Data Science

Data Science is a HUGE field, and it has been called one of the most highest paying jobs for the coming years. It’s a long journey, but here’s a way to get started with it!

Please Read First
An Introduction
Technologies
General
Getting Started
People To Follow
FAQ
Learning Materials
References

Please Read First

This guide is meant to present Data Science as a full stack field, not limited to just building models, but rather exploring the market possibilities and the tools that fortune 500 companies to small scale companies use for to make business related decisions for the agile moto of quick to market.

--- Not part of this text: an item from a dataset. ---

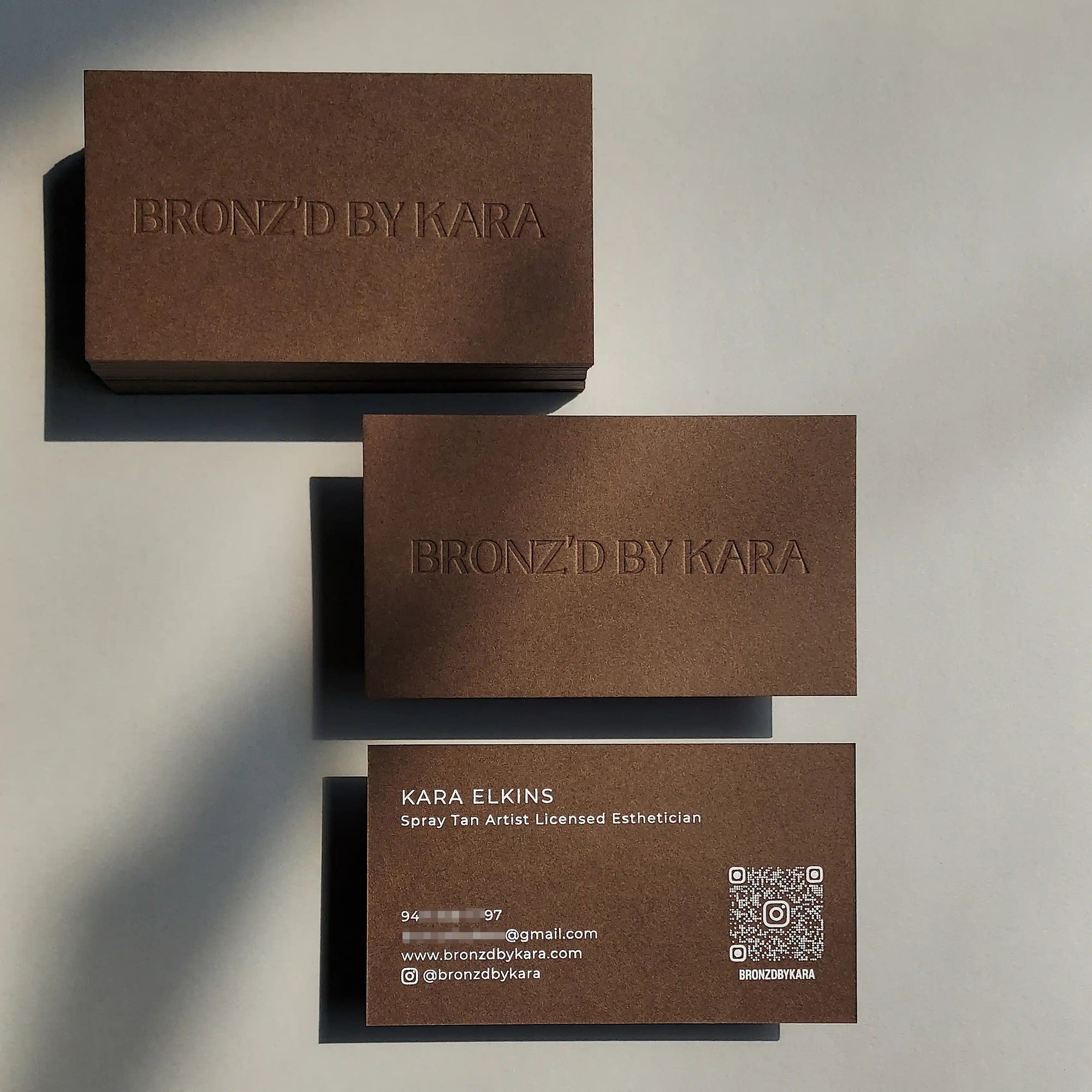 Brown business cards with blind deboss and white foil on 30pt 540gsm stock by OddPlanPrint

Take this guide to not only getting good at making models for data, but rather diving deep into how you think about handling data in anycase, and in the different ways you can easily incorporate data science to make some easy predictions!

An Introduction

Data Science refers to the statistical analysis of the data for patterns and trends to make business decisions and to teach computers to recognize that data to give definitive answers. It’s a huge field which can be used to answer questions or interesting ideas like,

How do I teach a computer to recognize an image?
How can I train a computer bot to talk like a human?
How can I train a computer to accurately distinguish between two datasets?

Of course it’s not immediately visible about how we can do all this, but what we can is break this huge field in several components and see how they all help.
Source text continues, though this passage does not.